It didn’t take long after a white police officer shot and killed a black unarmed teen last summer for activists to find a second person on whom to lay blame: Allegheny County District Attorney Stephen Zappala.
Activists called for the district attorney’s removal, even before he decided a week later that he would charge East Pittsburgh police officer Michael Rosfeld with homicide for fatally shooting Antwon Rose.
Within days, Democrat Turahn Jenkins announced he would challenge Zappala in the May 21 primary election.
Zappala has been district attorney for 21 years. In a recent interview with WESA, he defended the time he took to announce charges against Rosfeld, saying he had to proceed with caution.
“[The Rose] family didn’t even have the ability to bury their son, and people are calling for criminal charges," Zappala said.
"I’ll take care of this,” he said of his mindset at the time, “but I’m going to give you the opportunity to bury your child.”
A jury acquitted Rosfeld in March. Critics fault prosecutors for not calling a use-of-force expert as a witness: Rosfeld's defense called on such a witness to defend his actions. But Zappala said the three experts his office contacted were unwilling to testify.
And he said his office takes police shootings seriously. As evidence, he cited two other times where it prosecuted officers who shot unarmed civilians in the back. In one of those cases, the officer was acquitted. In the other, the officer pleaded guilty to involuntary manslaughter.
But Brandi Fisher of the Alliance for Police Accountability said there have been too many other cases where Zappala has sided with police.
Zappala “needs them to win his cases,” Fisher said. “It makes no sense that we then would ask someone to turn around and forcefully charge their friends.”
She trusts that Jenkins would be different.
But some in law enforcement are sitting the race out: The Pittsburgh Fraternal Order of Police union is not endorsing either candidate. And while Jenkins drew support from activists early on, he stumbled with some progressives when he said that homesexuality is a sin. The candidate, who has ties to a deeply conservative church, apologized for those remarks last month.
He has sought to turn the attack by maintaining that, unlike Zappala, he would have found an expert to testify at Rosfeld’s trial.
“I believe that we should all be held to the same standard. It shouldn’t matter, your occupation [as a police officer],” he said. “We should all be held to the same standard – equal accountability across the board.”
Jenkins previously served as chief deputy director for the Allegheny County Public Defender's Office. Before that, he was an assistant district attorney for two years.
He said, if elected, he would push harder than Zappala for treatment programs and community service as alternatives to incarceration.
“I’ve always said that the criminal justice system should be more focused on people who are violent and people who are dangerous, as opposed to the people that make mistakes or suffer from mental health or drug addiction or poverty,” Jenkins said.
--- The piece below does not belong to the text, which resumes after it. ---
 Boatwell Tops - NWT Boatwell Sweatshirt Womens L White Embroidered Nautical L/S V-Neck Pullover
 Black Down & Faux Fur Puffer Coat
Zappala countered that he’s pursued such reforms since becoming district attorney in 1998. For example, he sought to reduce the use of cash bail and launched programs like drug court and mental health court, which connect eligible defendants with treatment and community support.
“And that’s one of the reasons I wanted to start all these programs,” Zappala said, “so … we can understand this person’s condition, this person’s family, what their needs are.”
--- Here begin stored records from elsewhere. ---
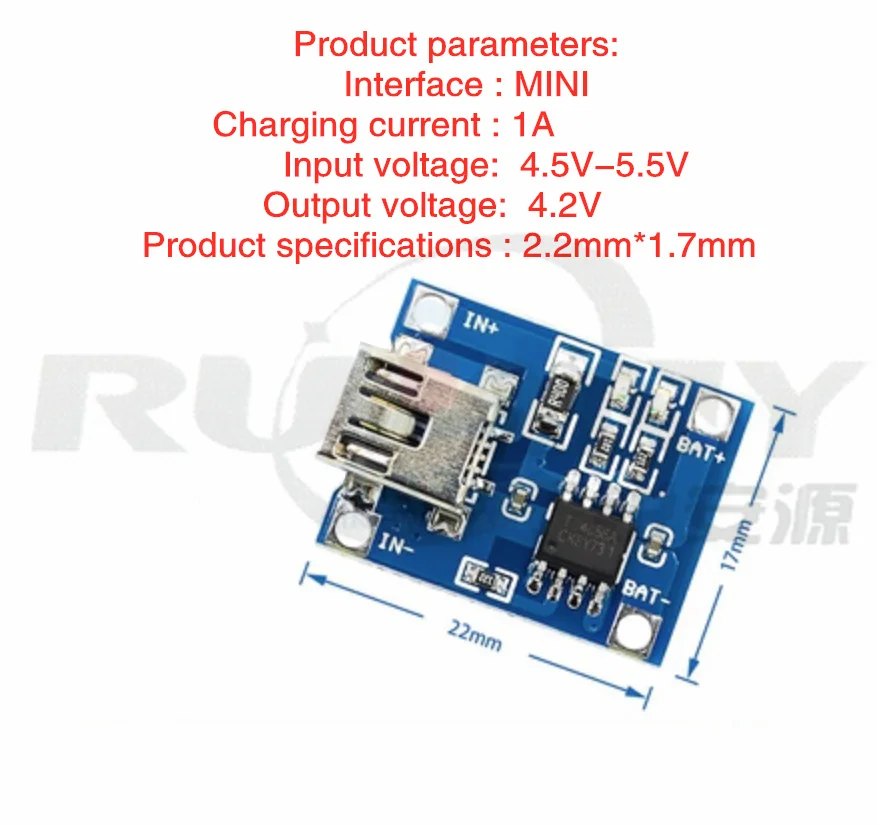 TP4056 | 18650 lithium battery 3.7 v to 3.6 v to 4.2 v lithium battery plate 1 a through put protection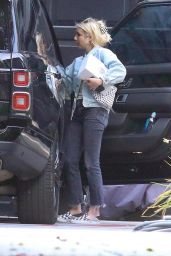 Emma Roberts in a Denim Jacket and Black Jeans - LA 10/04/2021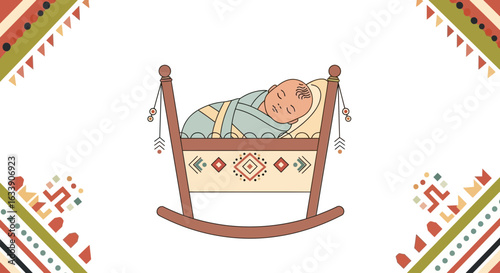 Newborn Baby Sleeping Peacefully In A Wooden Cradle With Ethnic Ornament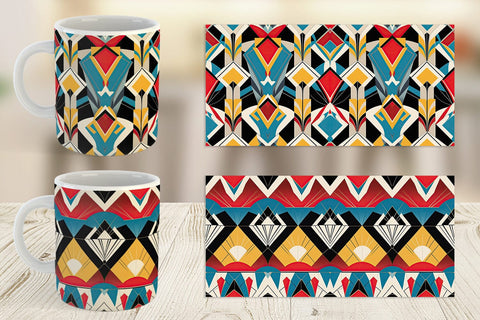 Mug Wrap Art Deco Pattern Sublimation artnoy 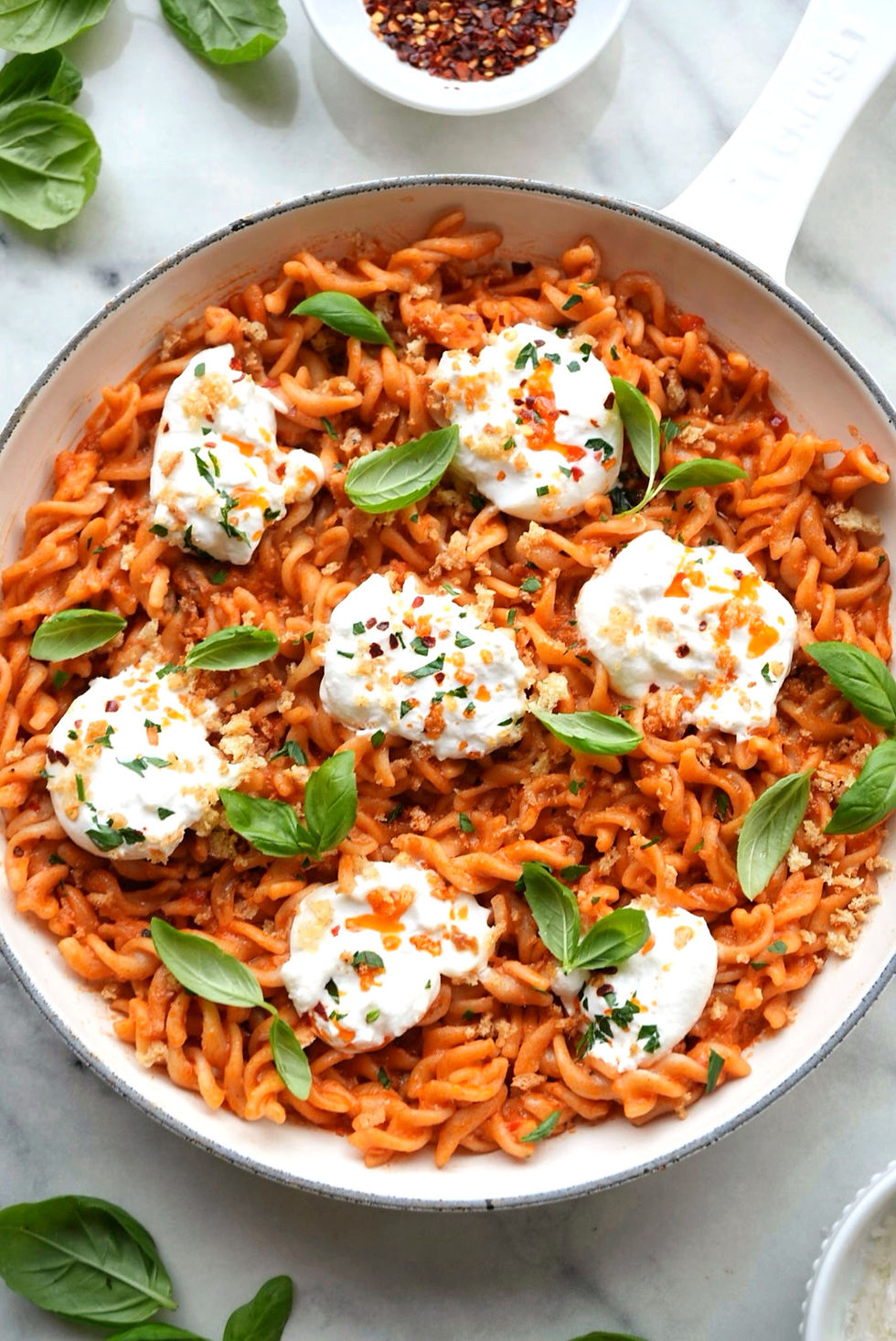 Roasted Garlic & Calabrian Chili Sourdough Fusilli with Burrata & Focaccia Breadcrumbs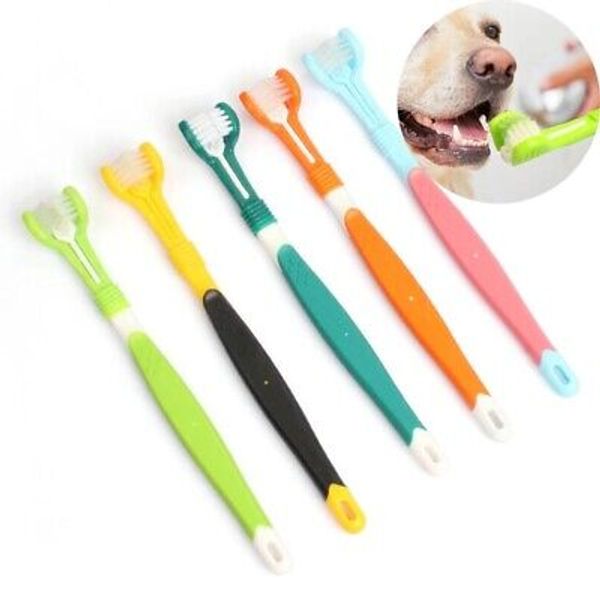 Three Sided & Three-Head Multi-Angle Pets Toothbrush Cleaning 17.5cm Multicolor.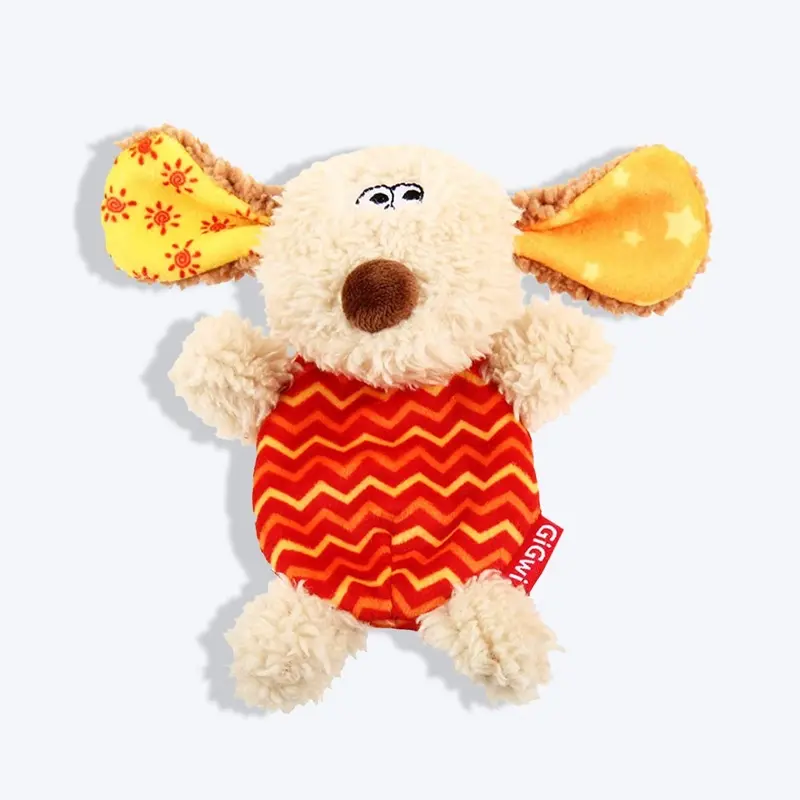 GiGwi Plush Friendz Dog Toy with Refillable Squeaker - Dog - Grey/Red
University of Pittsburgh law professor and 90.5 WESA legal analyst David Harris said Zappala has at times been on the cutting edge of reforms. But he noted that the national conversation about criminal justice – and its racial and class disparities – have shifted.
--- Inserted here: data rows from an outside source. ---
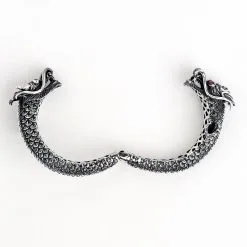Bikerringshop Sterling Silver Big Dragon Men's Cuff Bracelet -Outlet Rings Store BRK022022 24 8629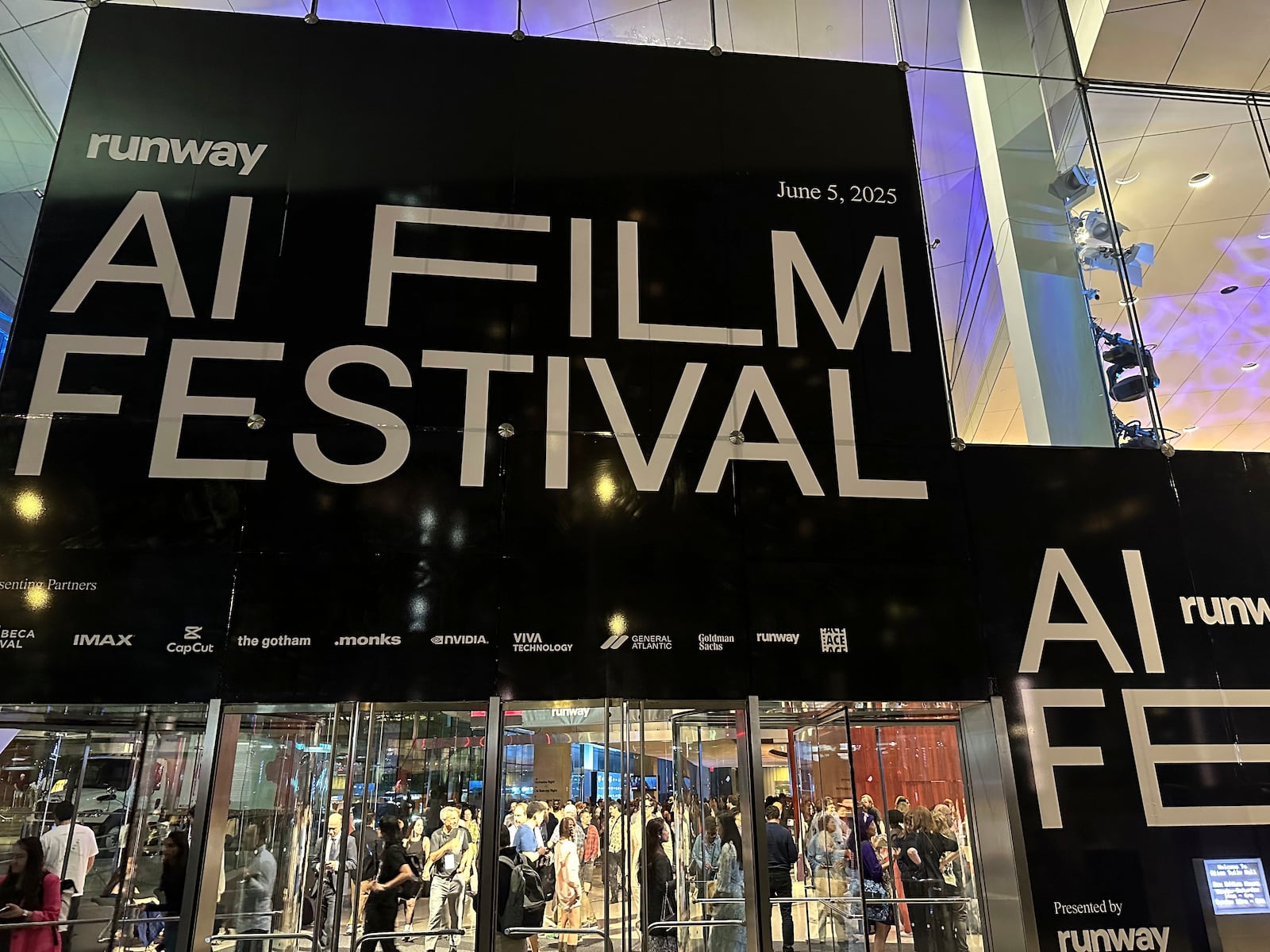 Runway's third-annual AI Film Festival kicks off with a screening at Lincoln Center's Alice Tully Hall in New York on Thursday, June 5, 2025. (AP Photo/Wyatte Grantham-Philips)
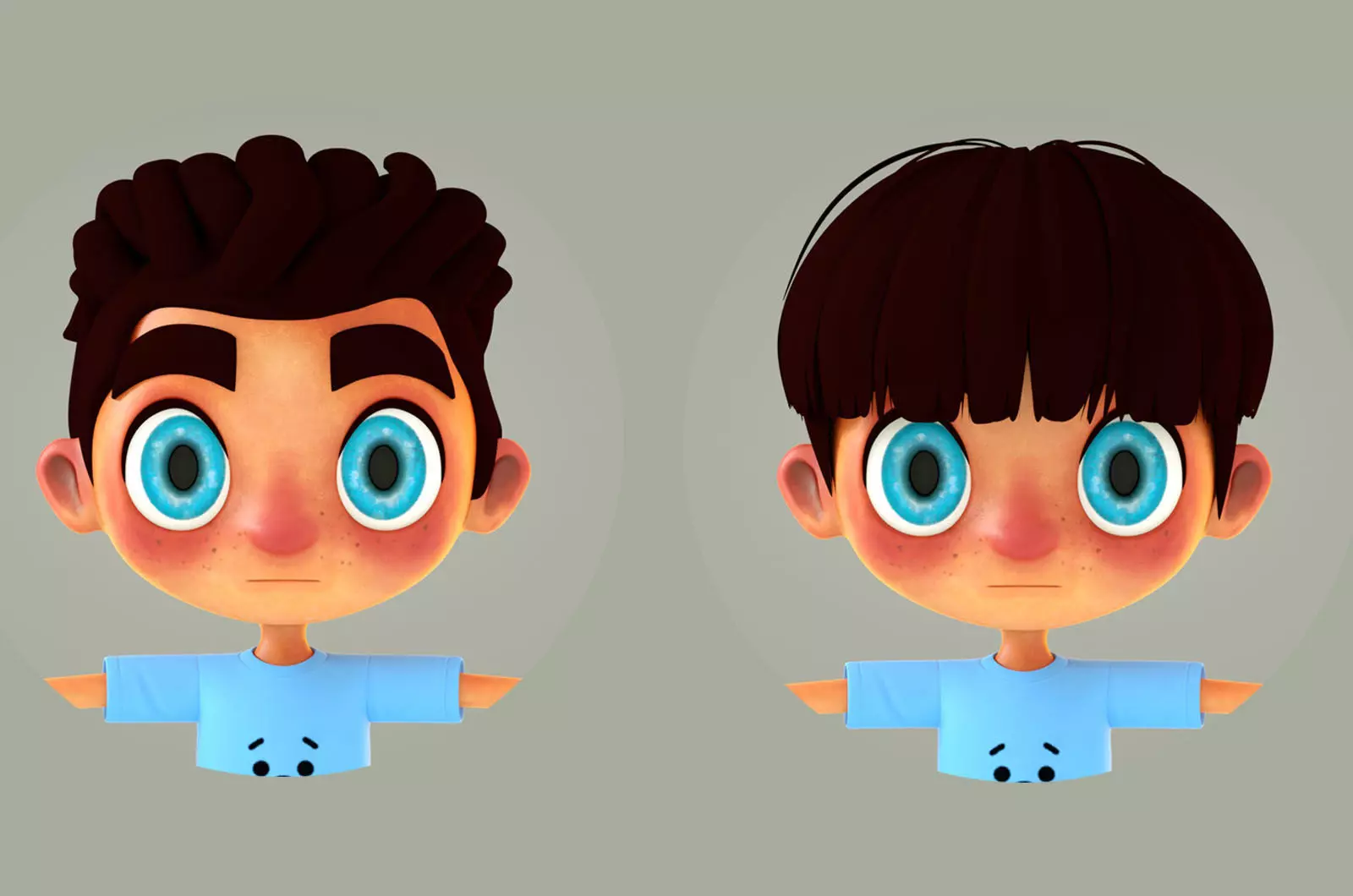 cartoon boy Low-poly 3D model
“[Zappala] was always vocal on a number of these issues and made some changes here in his county that, at the time, were reforms of a very significant type,” Harris said. “Now, we have many more people proposing those and more.”
Antwon Rose’s death brought racial tensions to the surface last summer, and prompted weeks of protests. Some recall similar turmoil in 1995 when black motorist Jonny Gammage died at the hands of suburban police. Zappala was criticized in the wake of that death as well, when he decided not to retry one of the officers after a mistrial.
Criminal defense attorney Bob Del Greco represented Gamage’s family. He said they were disappointed by that decision. But he said that state law makes it hard to win such cases against police.
“Probably with a couple decades of hindsight and reflection,” he said, “I’d be willing to concede that [Zappala made] the correct decision, although at the time, it didn’t feel that way.”
No Republicans are running for the seat.